Justiça do RS proibiu os veículos de comunicação do Grupo RBS de citarem o nome de um vereador do interior do Estado

Lucas de Abreu Maia, O Estado de S.Paulo

03 Setembro 2011 | 00h00

A Associação Nacional de Jornais (ANJ) condenou ontem a decisão da Justiça do Rio Grande do Sul de proibir o jornal Zero Hora e outros veículos do Grupo RBS de publicarem o nome ou a imagem de Adenir Mengue Webber (DEM-RS), vereador da cidade gaúcha de Dom Pedro de Alcântara (a 151 km de Porto Alegre). Se desrespeitarem a decisão, terão de pagar multa diária no valor de R$ 1 mil.

O vereador é acusado de envolvimento no caso que ficou conhecido como "farra das diárias", que teve origem numa série de reportagens sobre vereadores do interior que utilizavam diárias pagas com dinheiro público para viagens turísticas e usavam como desculpa a participação em cursos de aperfeiçoamento. Depois da série de reportagens, 13 pessoas foram denunciadas pelo Ministério Público.

Segundo a ANJ, medidas judiciais como essa caracterizam "censura prévia" e violam a liberdade de expressão assegurada pela Constituição Federal. "Tal é o entendimento do Supremo Tribunal Federal, como ficou evidenciado por ocasião da recente decisão que considerou a Lei de Imprensa não recepcionada pela Carta de 1988."

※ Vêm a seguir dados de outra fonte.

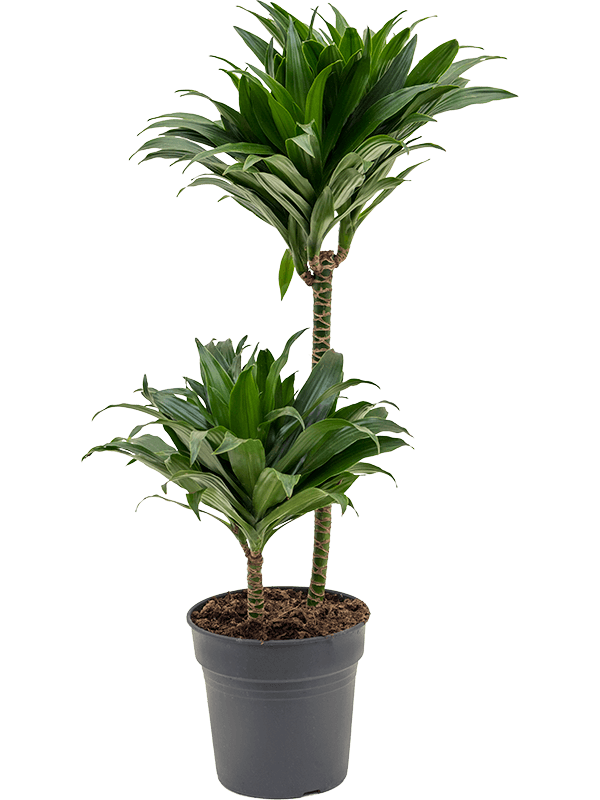 Planta naturala de interior 45-15 D30xH80cm Dracaena fragrans 'Compacta' PS19/18cm in pamant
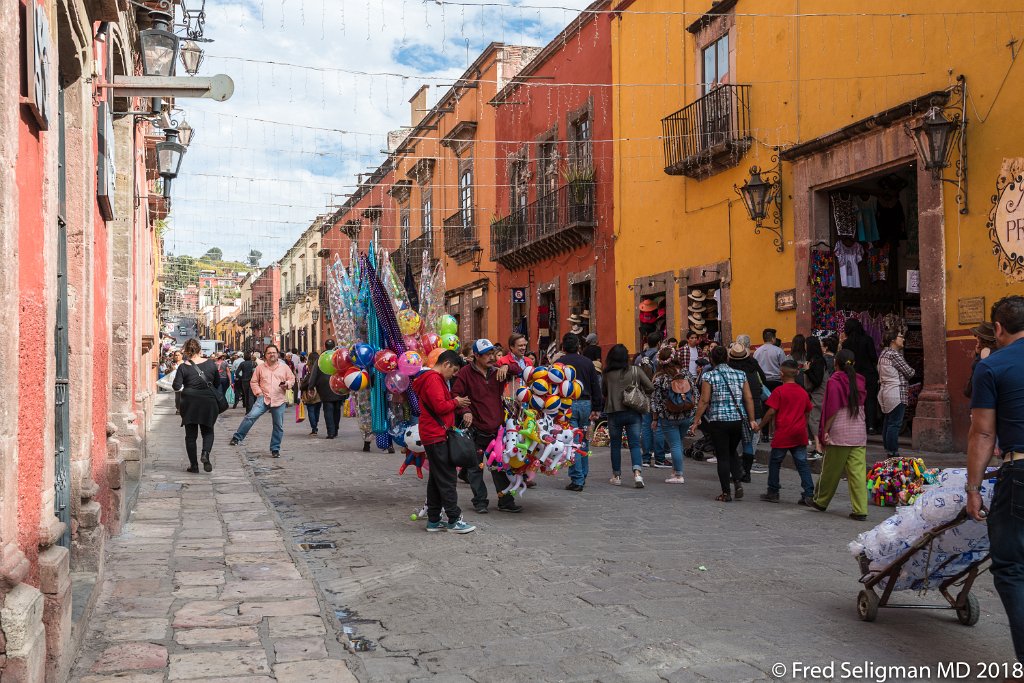 20171231_144926 D850.jpg - San Miguel de Allende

Na nota, a Associação destaca ainda que apoia a decisão do jornal gaúcho de recorrer da proibição, "para que o próprio Poder Judiciário, que decidiu pela censura prévia, restabeleça o primado constitucional".

A nota é assinada por Francisco Mesquita Neto, vice-presidente da entidade e responsável pelo Comitê de Liberdade de Expressão.